The Costières de Nîmes occupies another such area of raised pebble banks, clearly standing 30 metres or so above the marshy delta itself – indeed this is the biggest single ‘terrace villafranchien’ in the whole of the Rhône (the Villafranchian is the geological age, between 3.5 and 1 million years ago, during which most of this action happened).
Viticulture here pre-dates Roman times, beginning with the Greek colonists who founded Marseilles and other southern French cities. The beautiful 18th century maps created for the whole of France by four generations of the Cassini family also reveal around 10,000ha of vines on these terraces. Nowadays the vines occupy 4,500ha. The cowboys of the Camargue (called gardians here) have always had wine to wash down their steak.
Is it a different terroir to Châteauneuf? Certainly. It’s much closer to the sea, and much more clearly maritime.
‘The sea wind comes in every afternoon in summer,’ points out Jérôme Castillon of Château l’Ermitage, ‘and the temperature drops from 36˚C to 31˚C.’ These ‘maritime entrants’, as they are locally called, always bring moist air as well as cooling breezes – and that’s something the Mourvèdre loves. This is a very long-established variety here; indeed it was often known in the Southern Rhône as the ‘plant de St-Gilles’, Ste Gilles being a village in the middle of the great Costières terrace.
The region’s other key variety is Syrah (2,500ha out of the 4,500ha) of fleshy, voluptuous style.

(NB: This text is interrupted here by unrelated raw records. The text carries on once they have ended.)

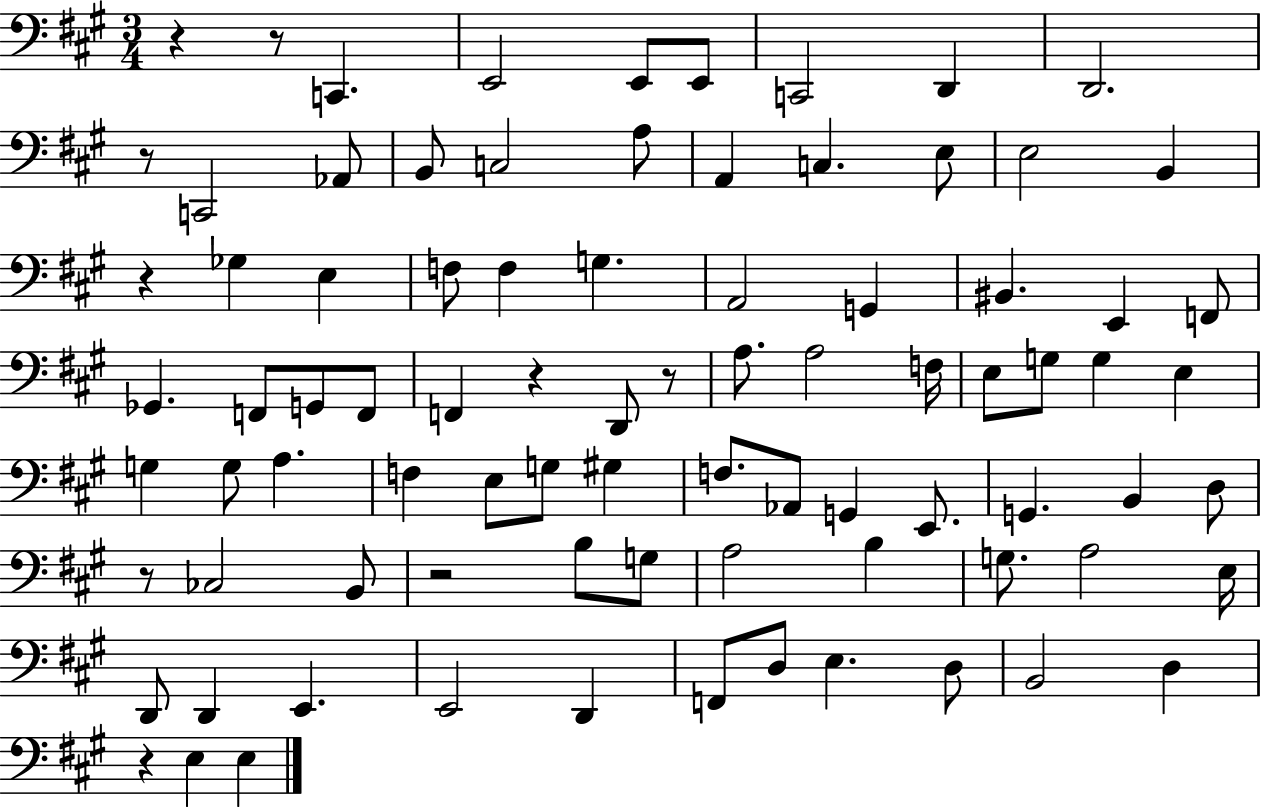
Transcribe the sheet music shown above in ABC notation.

X:1
T:Untitled
M:3/4
L:1/4
K:A
z z/2 C,, E,,2 E,,/2 E,,/2 C,,2 D,, D,,2 z/2 C,,2 _A,,/2 B,,/2 C,2 A,/2 A,, C, E,/2 E,2 B,, z _G, E, F,/2 F, G, A,,2 G,, ^B,, E,, F,,/2 _G,, F,,/2 G,,/2 F,,/2 F,, z D,,/2 z/2 A,/2 A,2 F,/4 E,/2 G,/2 G, E, G, G,/2 A, F, E,/2 G,/2 ^G, F,/2 _A,,/2 G,, E,,/2 G,, B,, D,/2 z/2 _C,2 B,,/2 z2 B,/2 G,/2 A,2 B, G,/2 A,2 E,/4 D,,/2 D,, E,, E,,2 D,, F,,/2 D,/2 E, D,/2 B,,2 D, z E, E,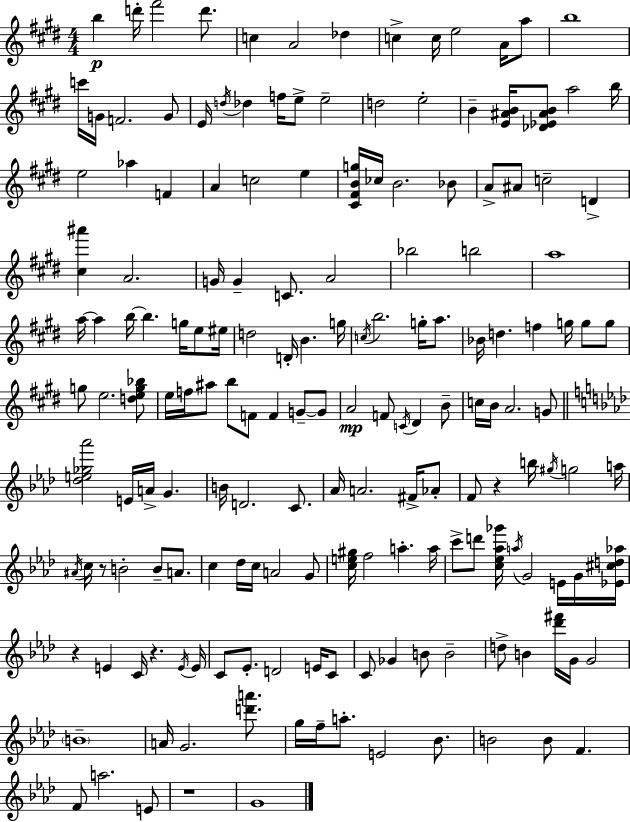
B5/q D6/s F#6/h D6/e. C5/q A4/h Db5/q C5/q C5/s E5/h A4/s A5/e B5/w C6/s G4/s F4/h. G4/e E4/s D5/s Db5/q F5/s E5/e E5/h D5/h E5/h B4/q [E4,A#4,B4]/s [Db4,Eb4,A#4,B4]/e A5/h B5/s E5/h Ab5/q F4/q A4/q C5/h E5/q [C#4,F#4,B4,G5]/s CES5/s B4/h. Bb4/e A4/e A#4/e C5/h D4/q [C#5,A#6]/q A4/h. G4/s G4/q C4/e. A4/h Bb5/h B5/h A5/w A5/s A5/q B5/s B5/q. G5/s E5/e EIS5/s D5/h D4/s B4/q. G5/s C5/s B5/h. G5/s A5/e. Bb4/s D5/q. F5/q G5/s G5/e G5/e G5/e E5/h. [D5,E5,G5,Bb5]/e E5/s F5/s A#5/e B5/e F4/e F4/q G4/e G4/e A4/h F4/e C4/s D#4/q B4/e C5/s B4/s A4/h. G4/e [Db5,E5,Gb5,Ab6]/h E4/s A4/s G4/q. B4/s D4/h. C4/e. Ab4/s A4/h. F#4/s Ab4/e F4/e R/q B5/s G#5/s G5/h A5/s A#4/s C5/s R/e B4/h B4/e A4/e. C5/q Db5/s C5/s A4/h G4/e [C5,E5,G#5]/s F5/h A5/q. A5/s C6/e D6/e [C5,Eb5,Ab5,Gb6]/s A5/s G4/h E4/s G4/s [Eb4,C#5,D5,Ab5]/s R/q E4/q C4/s R/q. E4/s E4/s C4/e Eb4/e. D4/h E4/s C4/e C4/e Gb4/q B4/e B4/h D5/e B4/q [Db6,F#6]/s G4/s G4/h B4/w A4/s G4/h. [D6,A6]/e. G5/s F5/s A5/e. E4/h Bb4/e. B4/h B4/e F4/q. F4/e A5/h. E4/e R/w G4/w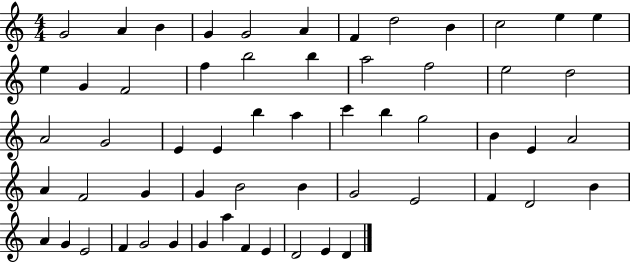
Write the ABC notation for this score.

X:1
T:Untitled
M:4/4
L:1/4
K:C
G2 A B G G2 A F d2 B c2 e e e G F2 f b2 b a2 f2 e2 d2 A2 G2 E E b a c' b g2 B E A2 A F2 G G B2 B G2 E2 F D2 B A G E2 F G2 G G a F E D2 E D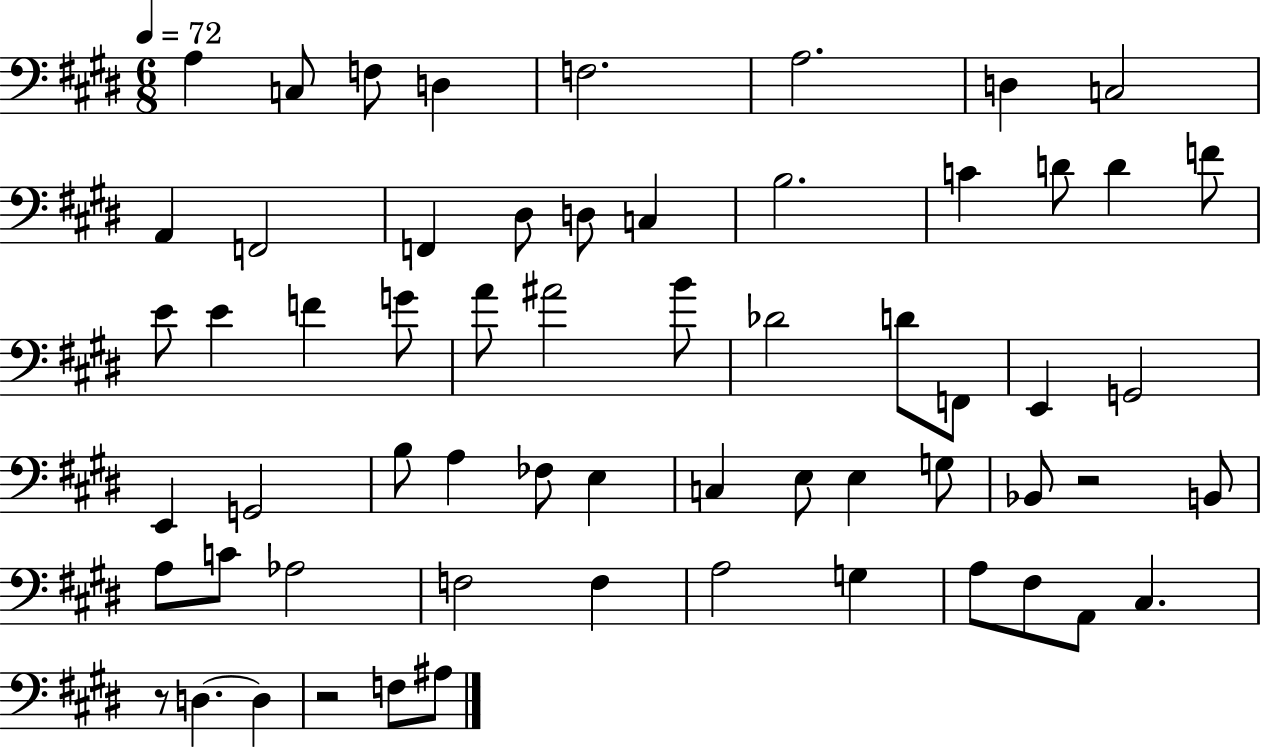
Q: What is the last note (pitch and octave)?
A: A#3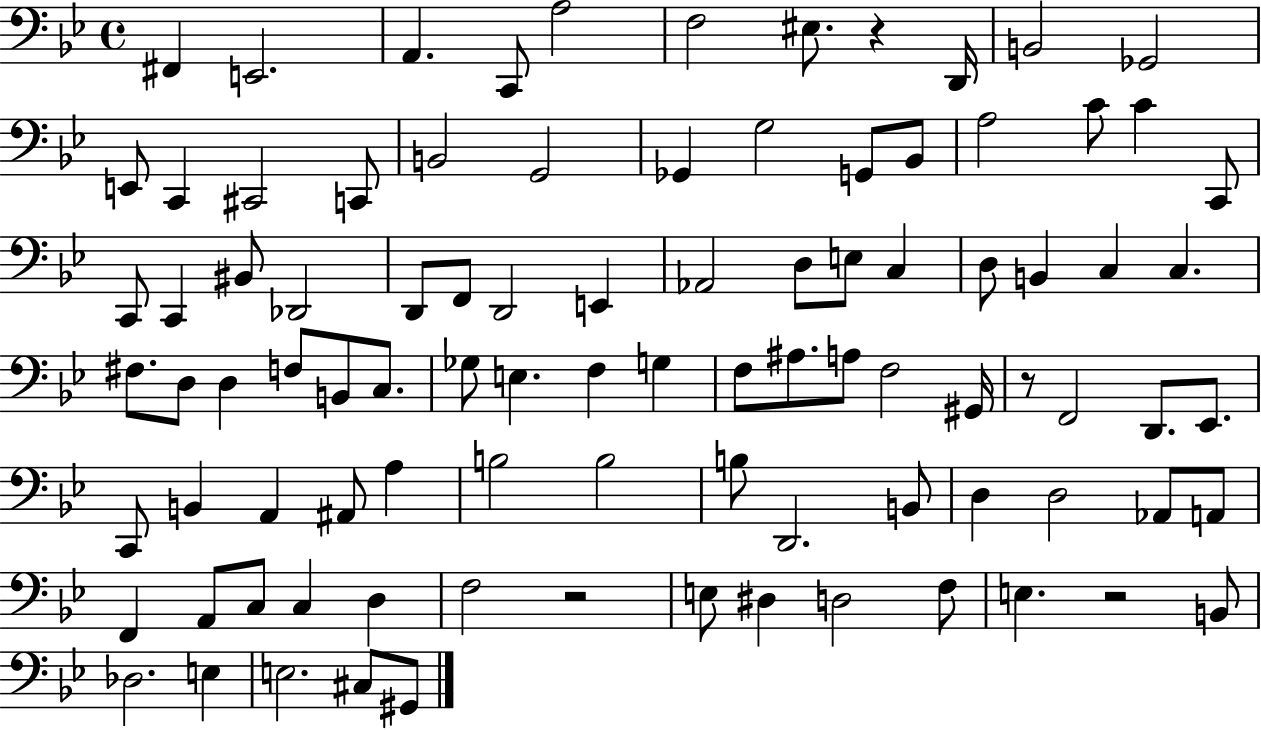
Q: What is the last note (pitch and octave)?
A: G#2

Grenache makes up the trilogy, but it is less widely planted here than in Châteauneuf; there is Carignan, too. The mistral, by the way, blows less forcefully here than in Châteauneuf, and Costières de Nîmes has fewer sandy zones.
Most of the wines here are red (55%), but the rosé boom means that 35% are pink; yet the remaining 10% of whites can impress. Indeed Costières de Nîmes encloses the old historical white wine appellation of Clairette de Bellegarde – but only 7ha of that remain in cultivation today, and all of the really exciting Clairette is found up in Châteauneuf. The region has a project to get two internal crus (or rather ‘complementary geographical denominations’, since the word cru is a sensitive one in Rhône culture) recognised: St Roman in the north, and Franquevaux in the south, for wines made with stricter production regulations than basic Costières de Nîmes.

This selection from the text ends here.